Liska shrugged. “It’ll be hard to corroborate their story. Who would notice either one of them? They’re too normal. And there was only one guy on the video. Where’s the sidekick?”

“I want the tapes from the entrances to the garage, see if either of their cars rolls in sometime before six- thirty. They could have left a vehicle there, taken a staircase down to the street, then come back after all the hoopla to get the car. Make sure the uniform who took down all the tag numbers runs them through the DMV.”

“They could have parked anywhere downtown,” Liska said. “It would have been stupid to park in that ramp.”

“They’re a couple of seventeen-year-old boys. Forethought is not a big priority at that age.”

“Thanks for the tip. I’m going to go home and lock my eldest in his room for the next ten years or so.”

“I think we can rule out Wayne Haas,” Kovac said. “He’s too big to be the guy on the tape, and he doesn’t look built for speed either. He’s got plenty of motive to hate Judge Moore, but I don’t like him for this.”

“Me neither. Could be an ex-con with a grudge,” Liska said. “Could be any nutjob following the Dahl case.”

“What do we know about the parents of the foster kids?” Kovac asked, frowning as that train of thought slipped into his head.

“The mother’s in jail on a narcotics charge. Dad’s got a sheet too, assault being the big prizewinner for us.”

“Is he running around loose?”

“He is.”

Most crime was simple and straightforward. A killed B because B had something of value, or B cheated A in a drug deal, or B did A’s girlfriend while A was out of town. The obvious suspects almost always turned out to be the perps. Twisted conspiracies were the stuff of novels and movies.

“We’ll need to talk to Dempsey.”

“He’ll be a good source.”

“He’s a pretty good suspect too,” Liska said.

Kovac gave her a sharp look. “What’s that supposed to mean?”

“Come on, Sam. Dempsey has a lot riding on convicting Karl Dahl. You know the department has just been trying to keep a lid on him until it’s over.
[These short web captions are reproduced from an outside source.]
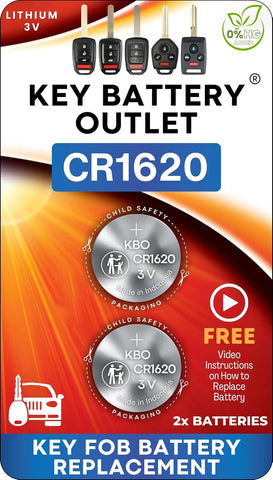 CR1620 Key Fob Battery Replacement (2 Pack) – Compatible with Key Fobs That Require CR1620 – Universal Fit – Video Installation Guide Included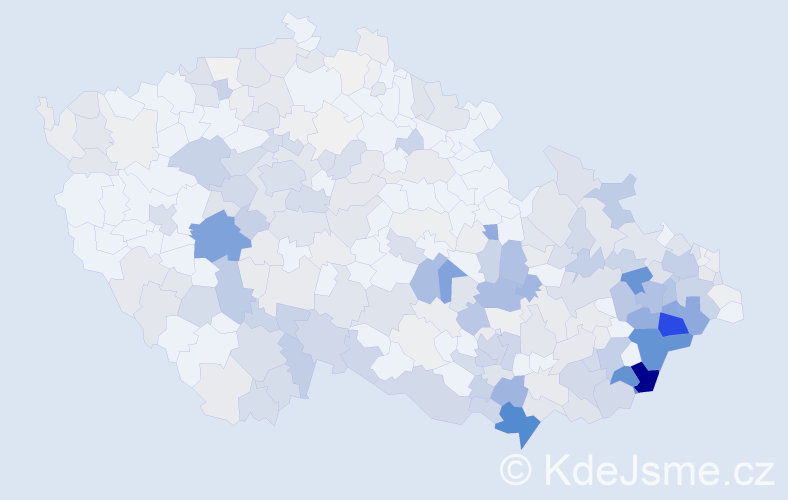 Příjmení: 'Trčka', počet výskytů 1277 v celé ČR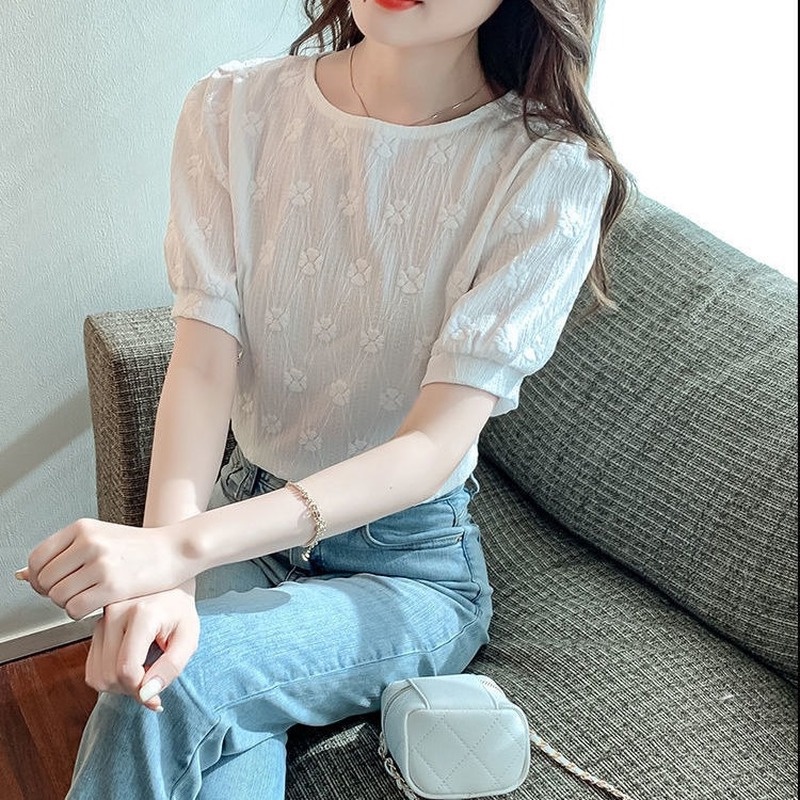 Áo Sơ Mi Tay Phồng Cổ Tròn Dáng Rộng In Họa Tiết Hoa Tươi Mới Phong Cách Hàn Quốc Thời Trang Mùa Hè Cho Nữ
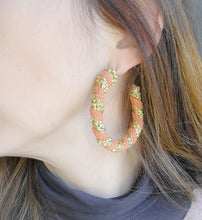 Charger l'image dans la galerie, Boucles d'oreille créoles corde de coton bicolore bijou fantaisie cadeau tendance macramé fait main noeud marin choix 21 couleurs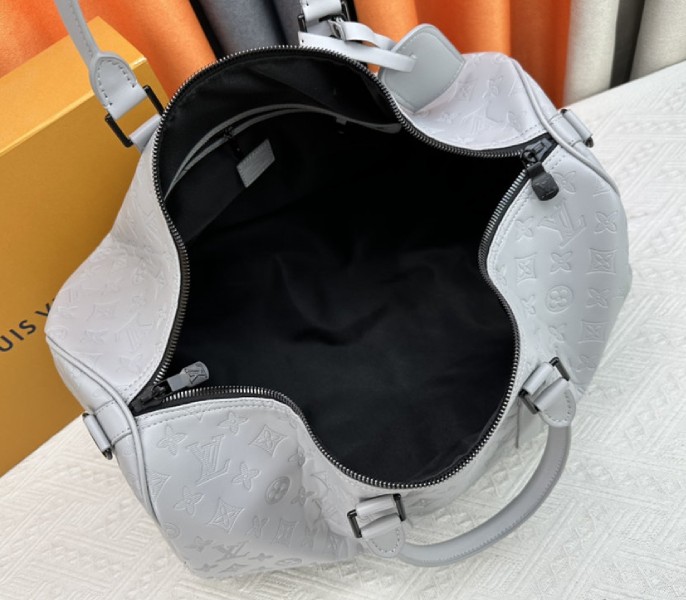 Louis Vuitton Monogram Shadow Leather Keepall Bandouliere 50 In Anthracite Gray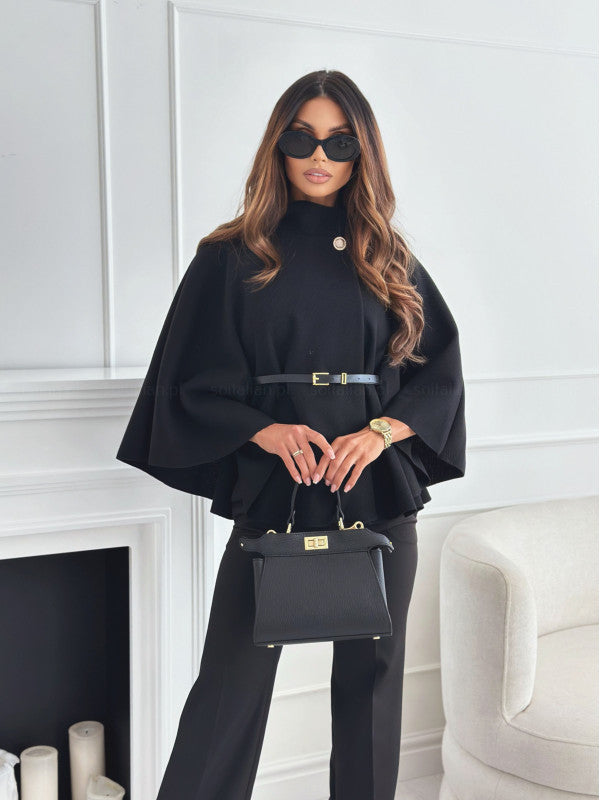New Stand Collar Batwing Sleeves Cloak Top With Belt Ins Fashion Temperament Jacket Woolen Sweater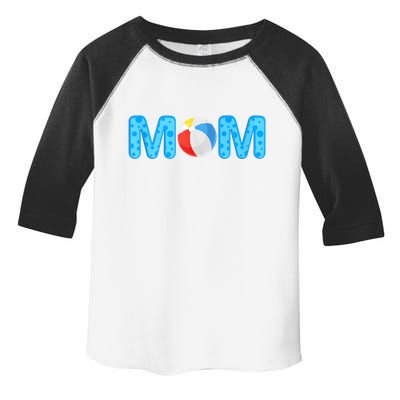 Mom Beach Ball Theme Birthday Party Pool Matching Summer Toddler Fine Jersey T-Shirt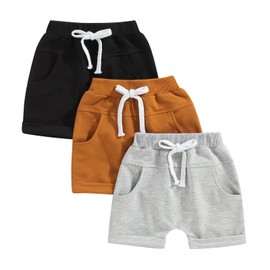 Yoawdats Baby Boys' 3-Pack Pull-on Jogger Shorts Knit Shorts Classic Fit Elastic Waist Toddler Shorts Kids Multipacks Pants (Black Brown Grey, 6-12 Months)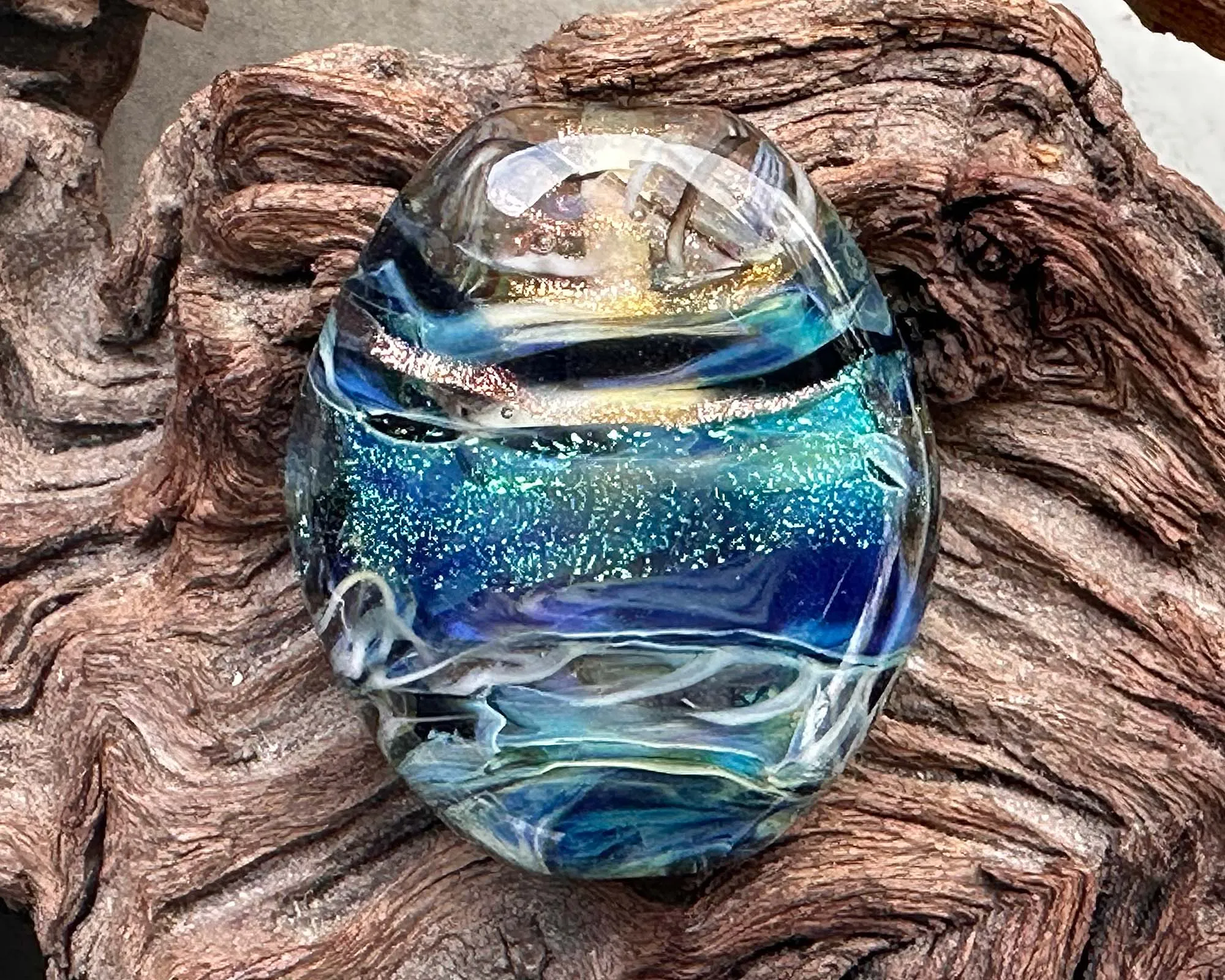 Blue Green Dichroic Shimmer Lampwork Focal Bead SRA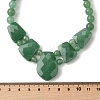 Natural Green Aventurine Faceted Bib Graduated Beaded Necklaces for Women NJEW-B128-01K-5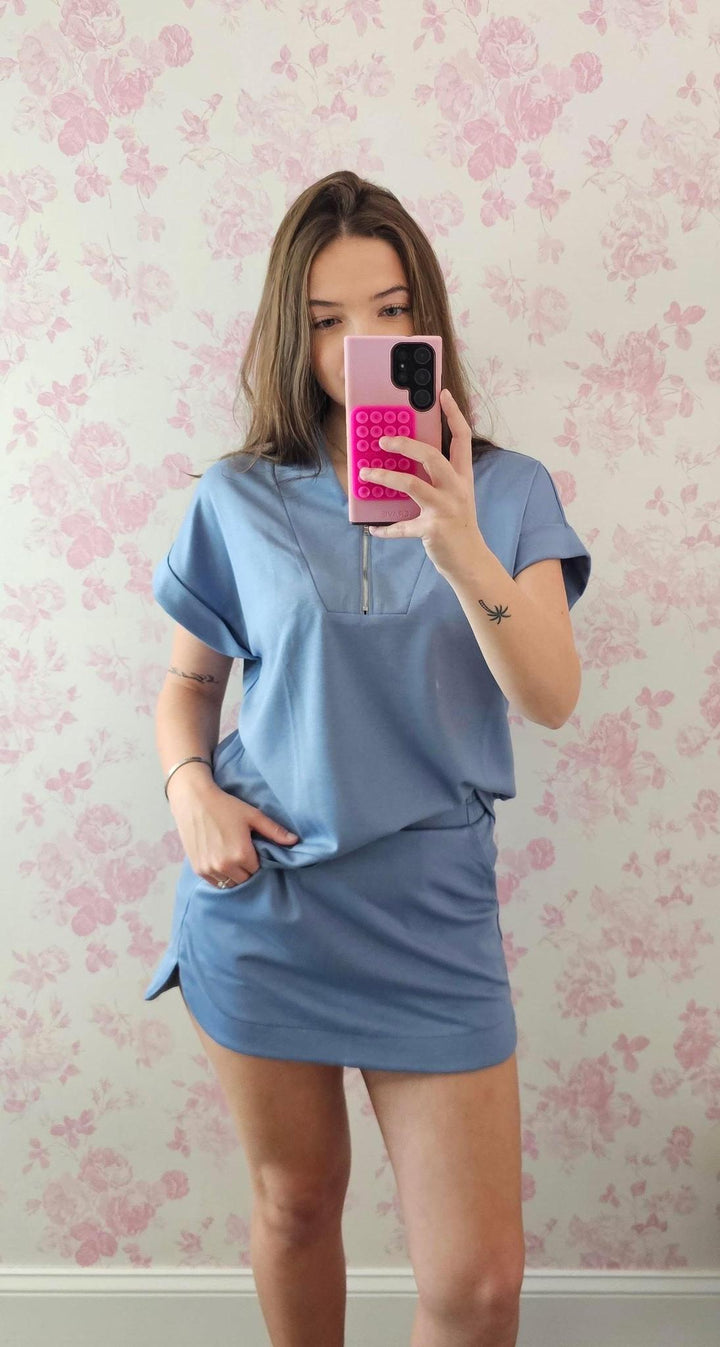 High Neck Half Zip Top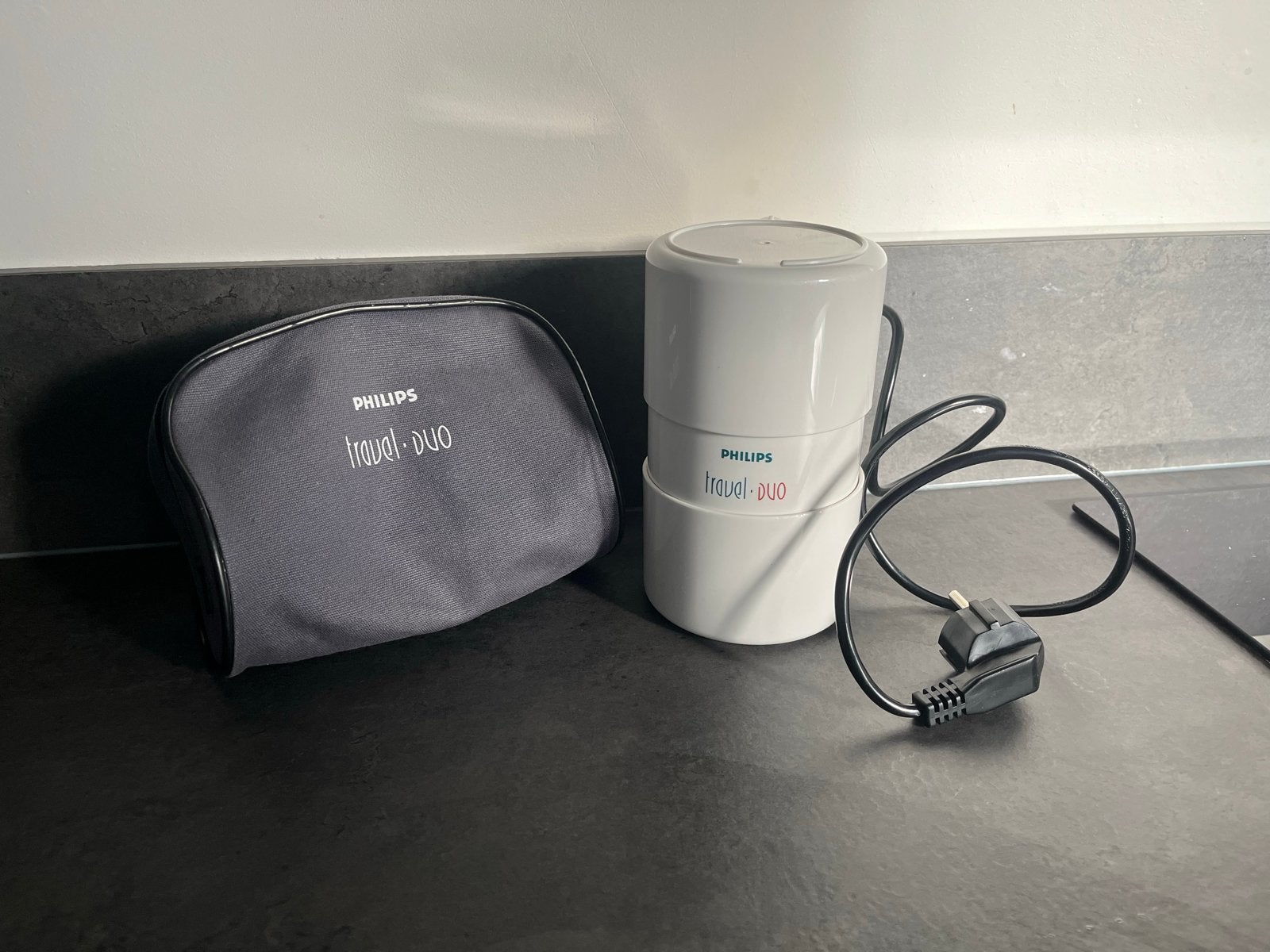 Philips Travel-Duo Waterkoker met 2 Kopjes en Tas, Witgoed en Apparatuur, Ophalen of Verzenden, Zo goed als nieuw
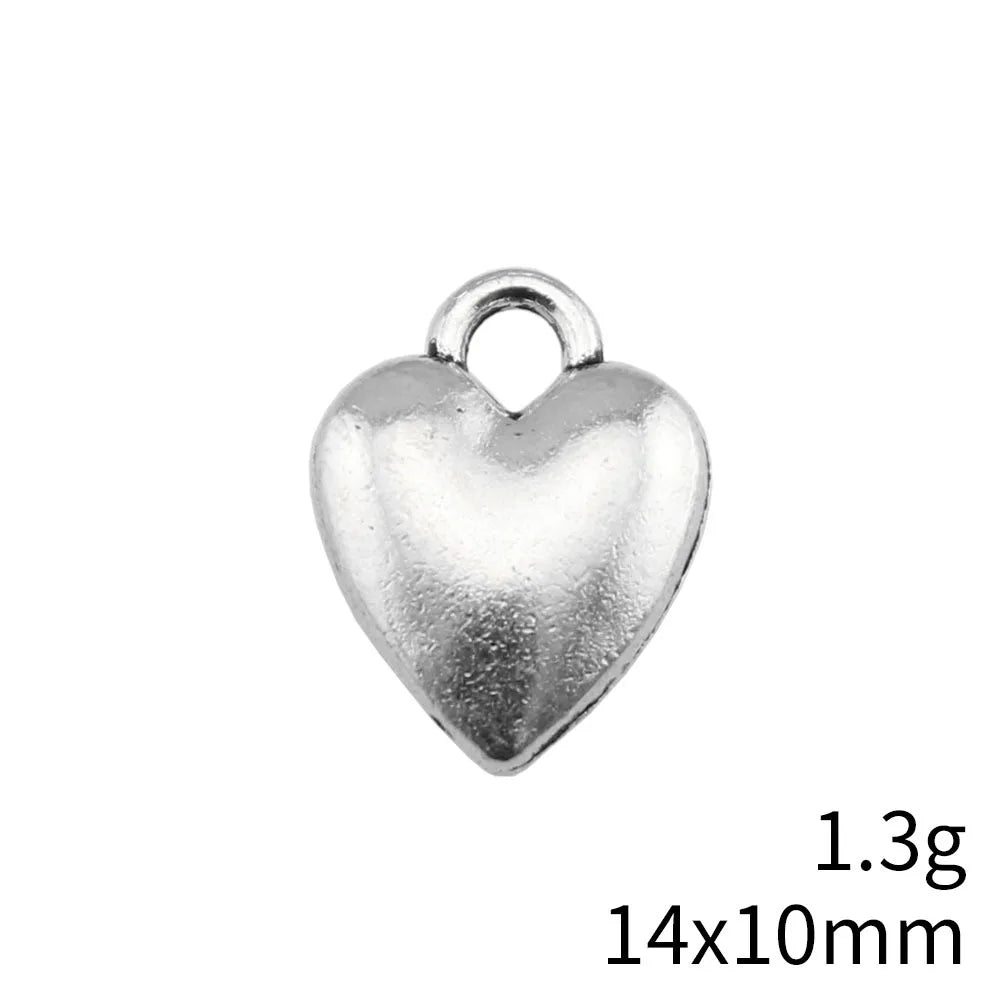 14x10mm 1.3g Multicolor Zinc Alloy Small Heart Charm Pendant for DIY Bracelet Necklace Making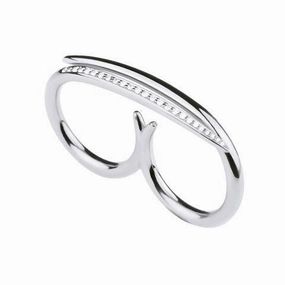 Shaun Leane White Feather Sterling Silver 0.21ct Diamond Crossover Ring D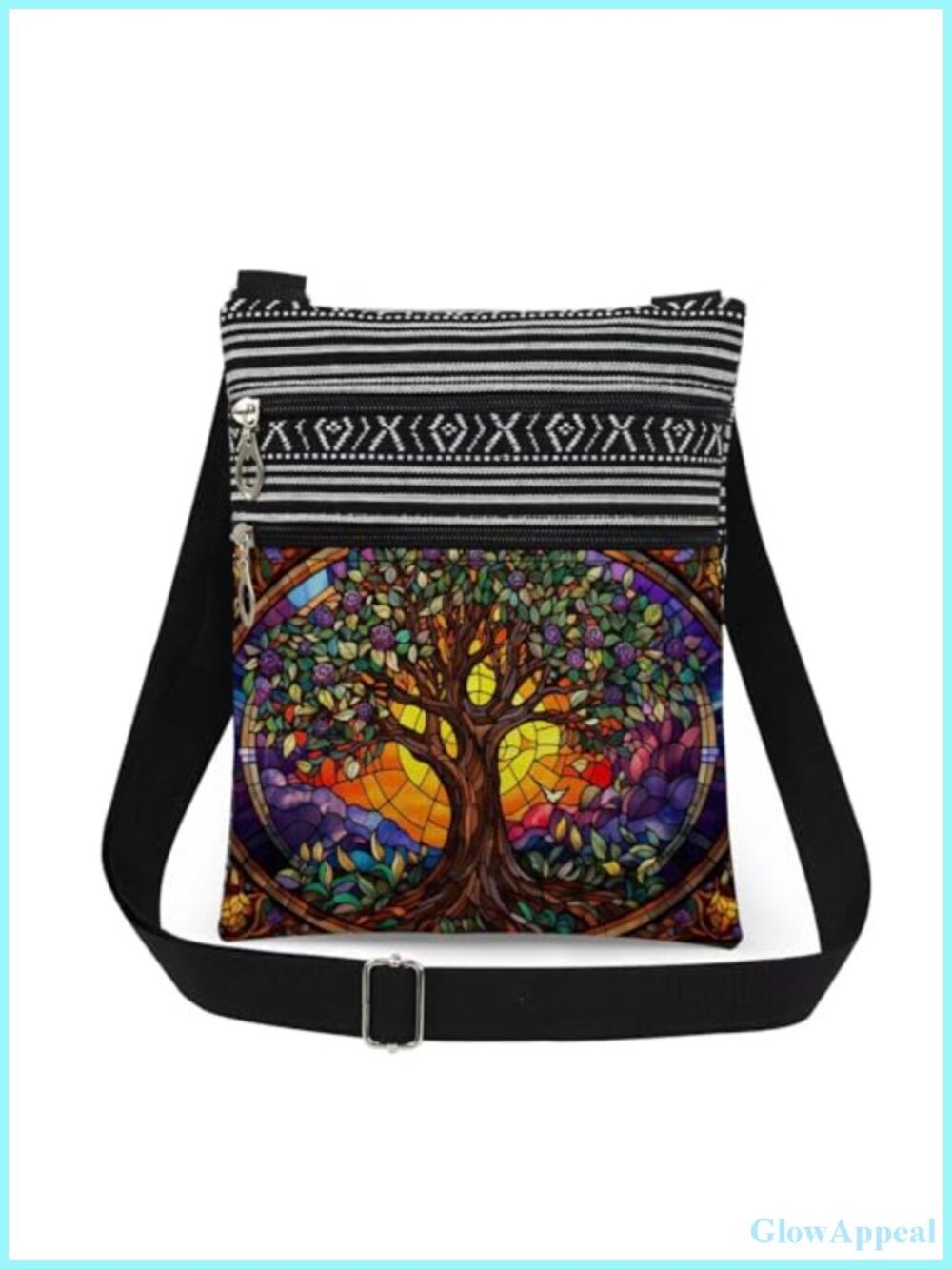 Tree of Life Crossbody Bag Polyester Adjustable Strap Messenger
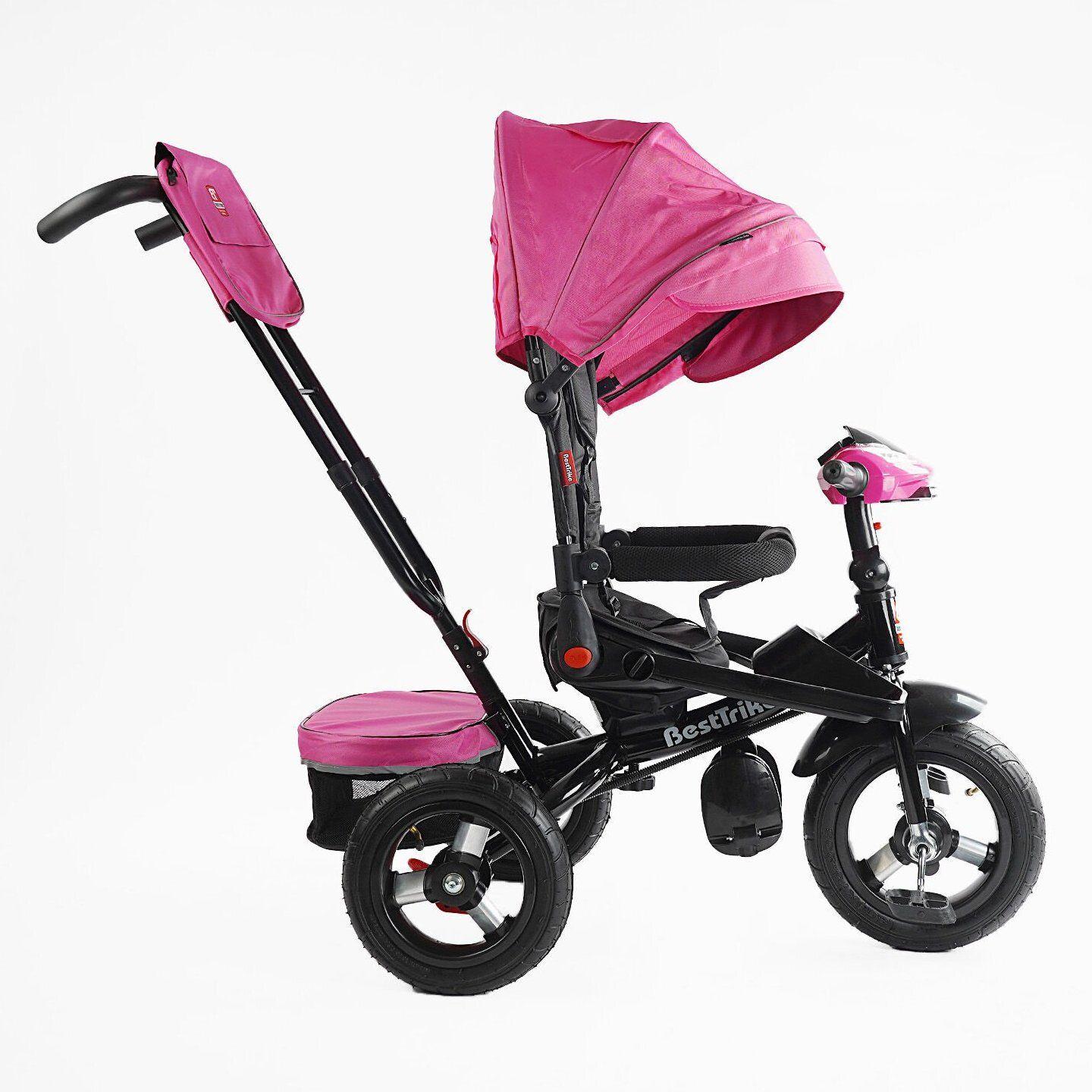 Велосипед дитячий триколісний Best Trike 6088 F надувні/фара з USB/пультом/батьківською ручкою Рожевий (701-16) - фото 4 Велосипед дитячий триколісний Best Trike 6088 F надувні/фара з USB/пультом/батьківською ручкою Рожевий (701-16) - фото 4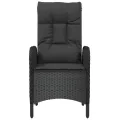 Chaises d'extérieur 2 pcs Résine tressée Noir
They won’t fire him and give the defense more ammunition than they already have against him. But as soon as that trial is over, it’sadios Stan. He can’t be the president of the Carey Moore fan club.”

Kovac chewed on a thumbnail, scowling at the possibilities. He could hear the allegations. The lead detective was obsessed. Dempsey couldn’t be in the field, because he’d had a breakdown. He wanted Dahl to be his guy; Judge Moore’s ruling was a slap in the face of his investigation…

All that would be fodder anyway. The department hadn’t fired Stan Dempsey because they would have looked bad in the media and because they were afraid Dempsey would sue. Poor old Stan was screwed no matter what.

“Jesus,” Kovac muttered, rubbing his hands over his face and back through his hair. “I don’t like it.”

“Since when is this job about what we like?” Liska asked.

“I mean, talk to him, yes. Nobody knows the players in the Dahl case better than Stan.”